## EXERCISE REQUIREMENTS
Shown below is a listing with pictures; reproduce exactly, and only, the lines between the ones containing "Then you put" and "What's great about", inclusive, leaving the pictures out.

(SUPPLIED MATERIAL)

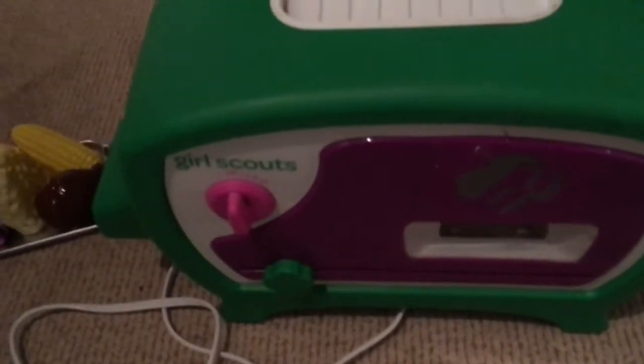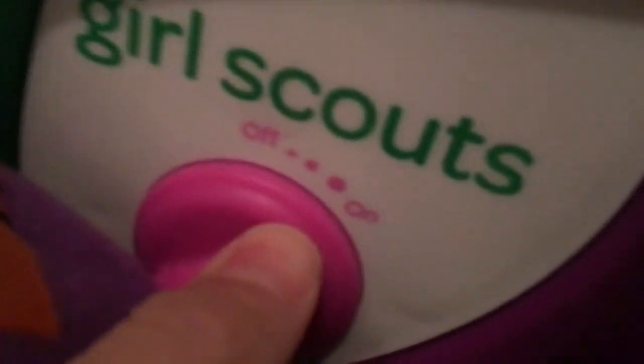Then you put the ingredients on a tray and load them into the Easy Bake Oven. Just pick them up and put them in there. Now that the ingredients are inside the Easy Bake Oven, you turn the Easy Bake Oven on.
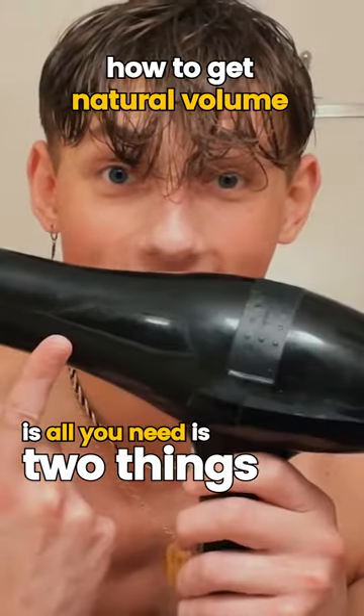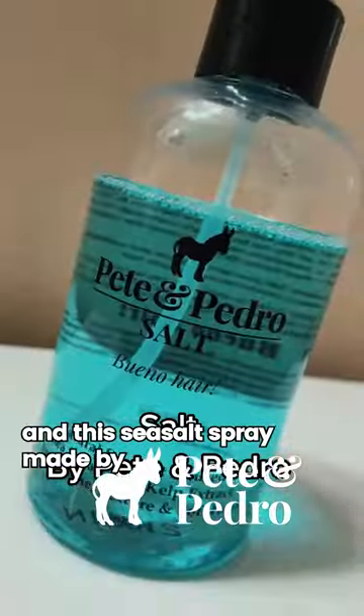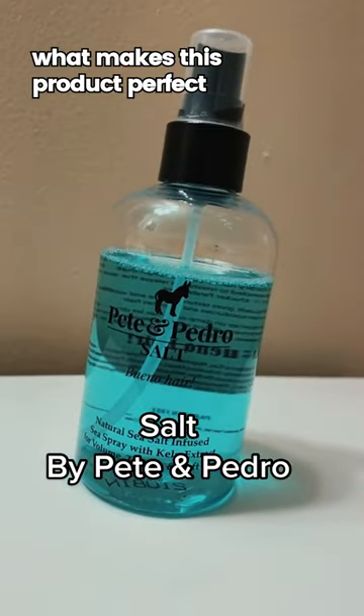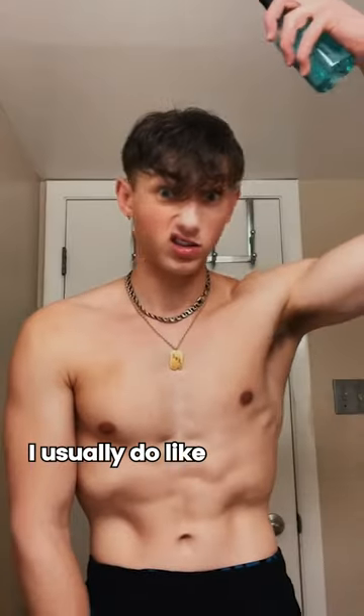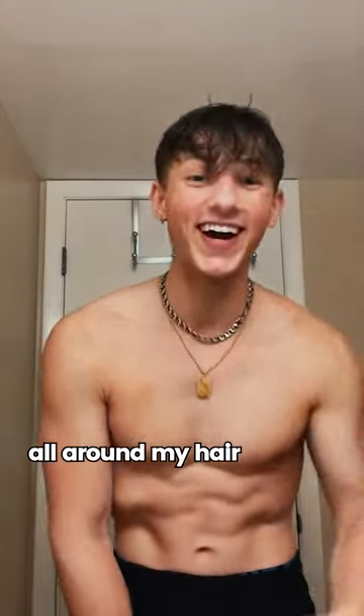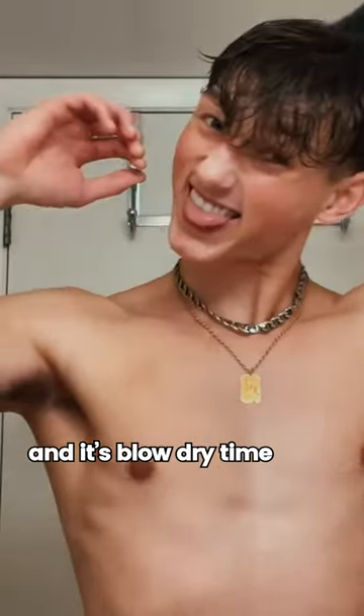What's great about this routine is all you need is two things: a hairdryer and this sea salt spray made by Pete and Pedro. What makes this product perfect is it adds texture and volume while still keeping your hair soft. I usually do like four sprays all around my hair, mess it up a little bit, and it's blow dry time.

(End SUPPLIED MATERIAL)
(SUPPLIED MATERIAL)

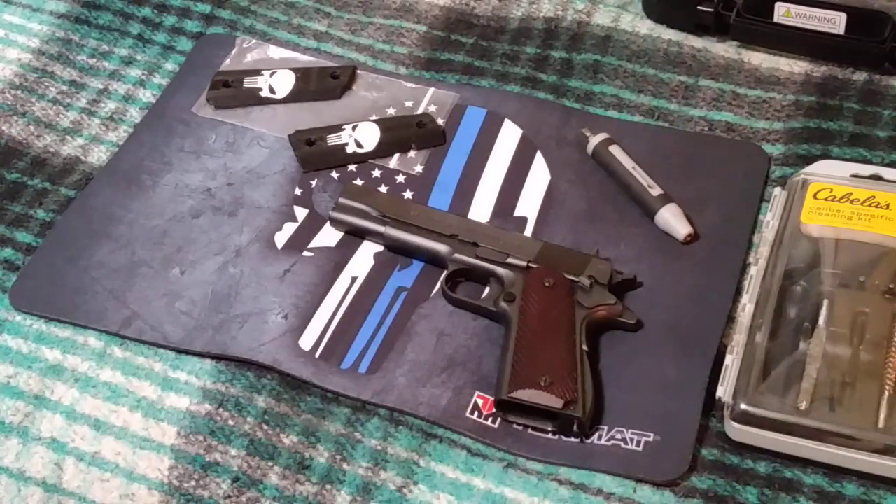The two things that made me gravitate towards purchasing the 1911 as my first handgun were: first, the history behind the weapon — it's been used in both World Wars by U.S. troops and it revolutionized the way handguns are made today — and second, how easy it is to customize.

(End SUPPLIED MATERIAL)
(SUPPLIED MATERIAL)

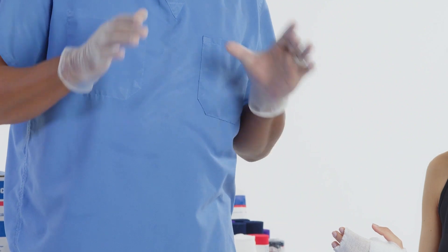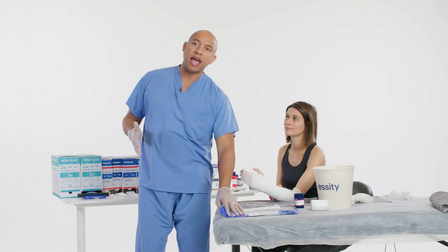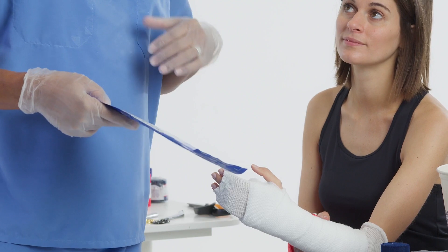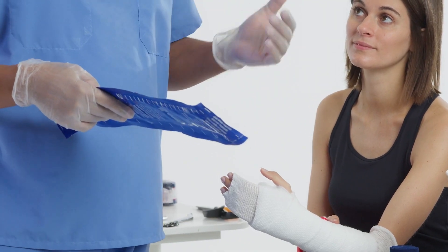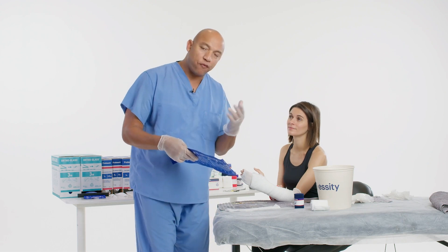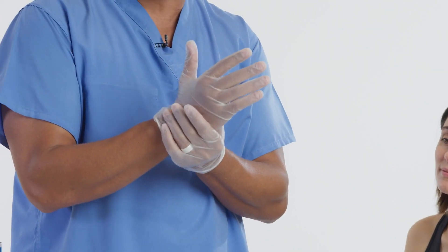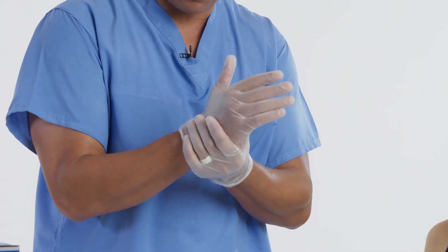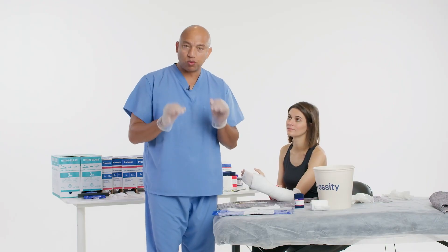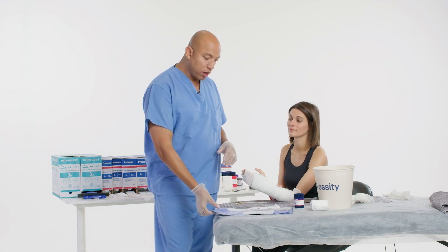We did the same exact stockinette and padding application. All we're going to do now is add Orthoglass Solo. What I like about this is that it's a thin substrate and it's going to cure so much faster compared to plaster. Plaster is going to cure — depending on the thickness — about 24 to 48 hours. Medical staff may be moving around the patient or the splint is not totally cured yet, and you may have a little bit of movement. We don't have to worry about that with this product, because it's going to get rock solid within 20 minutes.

(End SUPPLIED MATERIAL)

## TASK RESPONSE
Then you put the ingredients on a tray and load them into the Easy Bake Oven. Just pick them up and put them in there. Now that the ingredients are inside the Easy Bake Oven, you turn the Easy Bake Oven on.
What's great about this routine is all you need is two things: a hairdryer and this sea salt spray made by Pete and Pedro. What makes this product perfect is it adds texture and volume while still keeping your hair soft. I usually do like four sprays all around my hair, mess it up a little bit, and it's blow dry time.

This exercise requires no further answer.